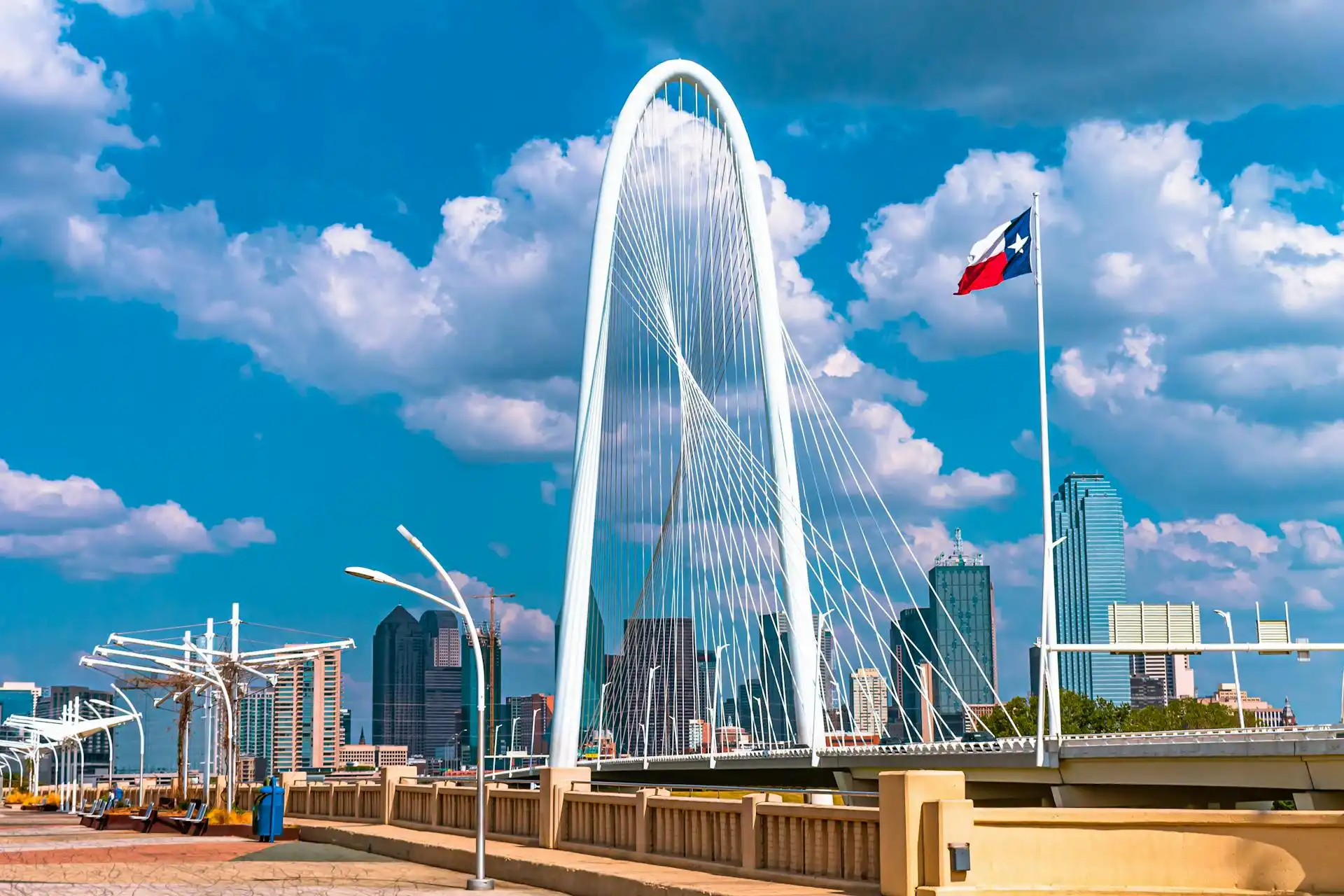 Margaret Hunt Hill Bridge with the Dallas skyline in the background.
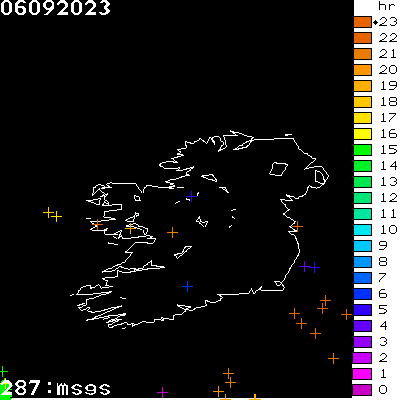 Lightning Report for Ireland on Wednesday 06 September 2023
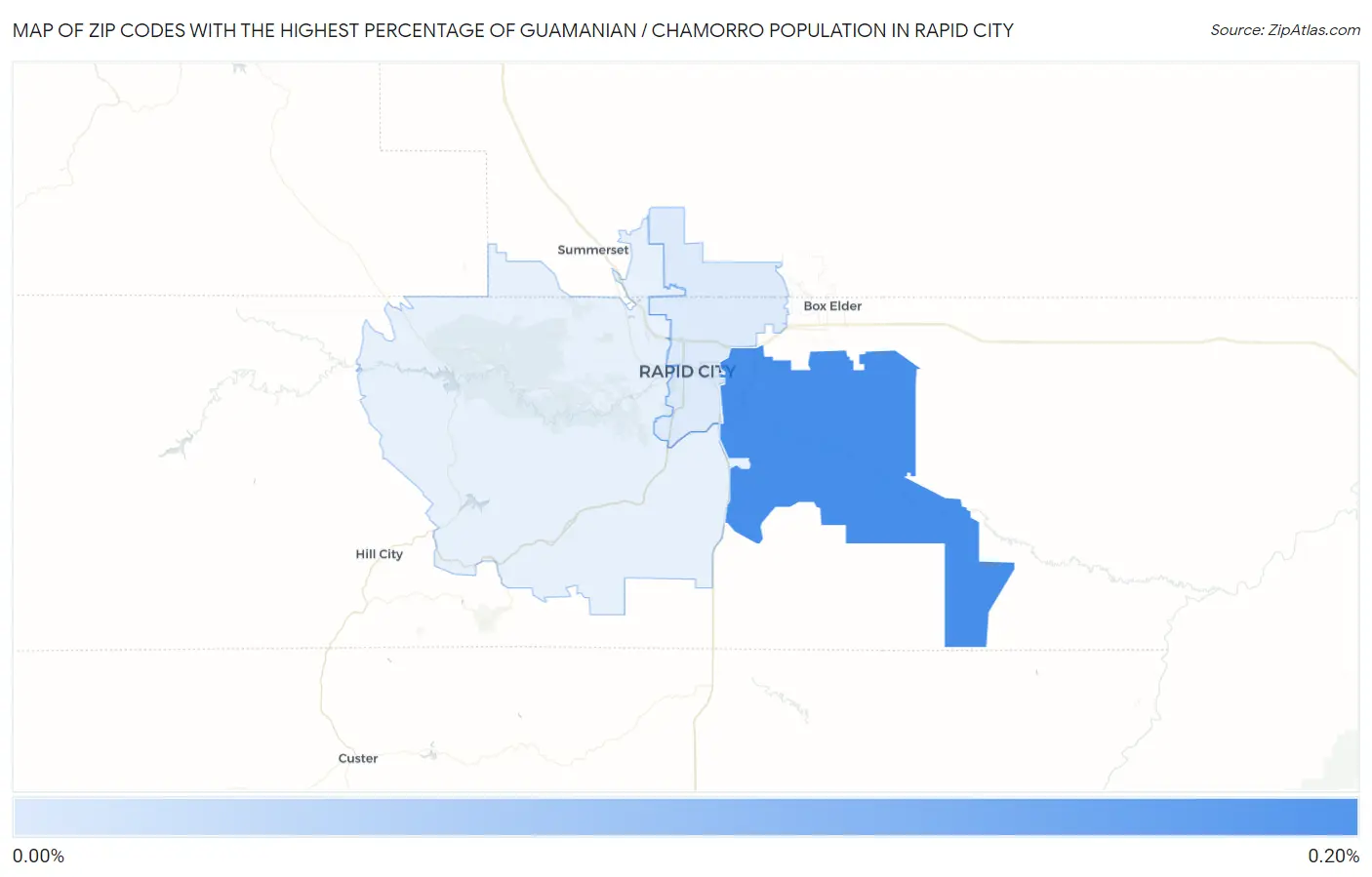 Zip Codes with the Highest Percentage of Guamanian / Chamorro Population in Rapid City Map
══════════
- _Exercise objective_
Print the lines from the one that contains "Lightning Report for" through the last line of the data, exactly and in full, and no other lines. Pictures are not part of the copy.

- _Answer for this exercise_
 Lightning Report for Ireland on Wednesday 06 September 2023
 Zip Codes with the Highest Percentage of Guamanian / Chamorro Population in Rapid City Map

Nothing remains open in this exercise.